Like the Zombie of Sloon standing at the bottom of Commercial Street, in front of a misty Telkom, just short of the now dead Studio 2666, Blackman approaches a seemingly liminal end, and so too, a beginning. Like the end of his night at Whatiftheworld, a new, untold beginning awaits him, at the Kimberly Hotel.
I never ventured that far on this fate-fuelled night. Before the highway bridge I turn up, and instead of driving past the castle, opt for the gentler route, through District Six. I always take this route coming out of Woodstock. For starters the traffic is better towards the end of the day. And at night, the barren landscape of District Six, haunted by Cape Town’s disenfranchised ghosts gives me some comfort, reminding me that all is not well in the province of the Western Cape.
Now we are a fishing village. A town perched at the Southernest tip of Africa, hemmed in by the Atlantic winds that fan us with their bitter gusts. This winter Maggs must have felt that breeze, and cringed at that the cold waters that tide us by. Watching his edited version of The Shipping News I felt these icy gales, and shivered at the drowning Coyle, gasping for air, losing his way to the surface, along the shore of that isolated rock, Newfoundland.
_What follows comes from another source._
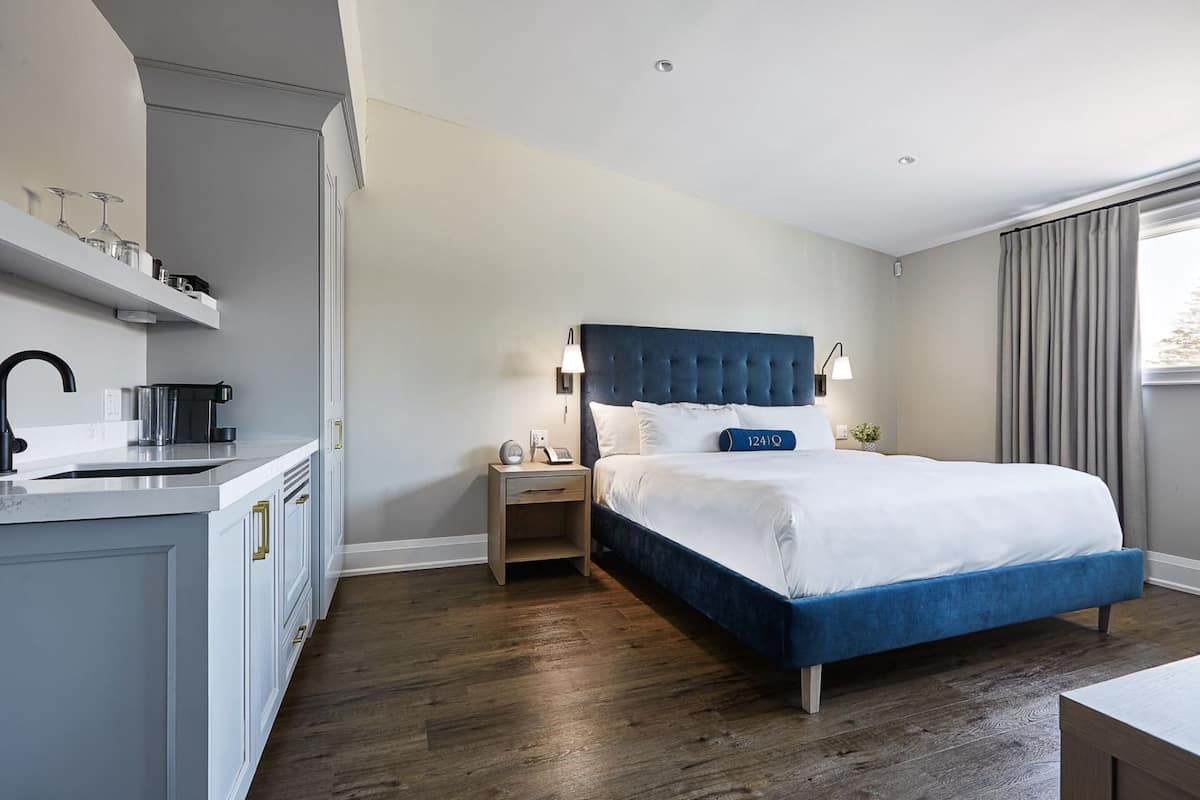 Une chambre d’hôtel moderne dotée d’un grand lit, d’une table de chevet, d’une commode, d’un coin cuisine intégré et d’une fenêtre avec des rideaux.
As Maggs’ figures seemed trapped in their own incomprehensibility, Sloon’s find themselves enclosed in their own fictive constructions. They are shrouded by their own axiomatic reliance’s. Similar to the jaded James Bond, tormented by his own inner melancholic apprehension, Sloon’s aim is to exorcise his own ghosts. Sir Arthur Conan Doyle and Darth Vader stand as spectres, ominously guarding the soul of Sloon in the world beyond, the world before and the world yet to come.
What then will finally keep us together? The bomb, as Alien and Predator suggest? Perhaps here is the living presents link with that other fictive world. That thing that reminds us of our final mortality, of our own making that has the absolute and dreadful power to undo.
On the edge of town now I feel a foreign, desolate sensation. A fire blazes beneath the bridge, huddled figures gathered in its warmth. The buildings slowly dissipate as the streetlights now illuminate only piles of rubble in amongst the empty grassland; the mosque that guards over the east city precinct, turning its reticent shoulder.
We never were really there. The landscape will remain. We people it only briefly with the promise to occupy it later as those ghosts Maggs and Sloon conjure. This is our responsibility. How we people such a terrain, in our transient time, is as much our doing as it is our undoing. Such are the opportunities between life and death. To learn to live then, and to do it, finally. Nothing could be more, nothing could be less.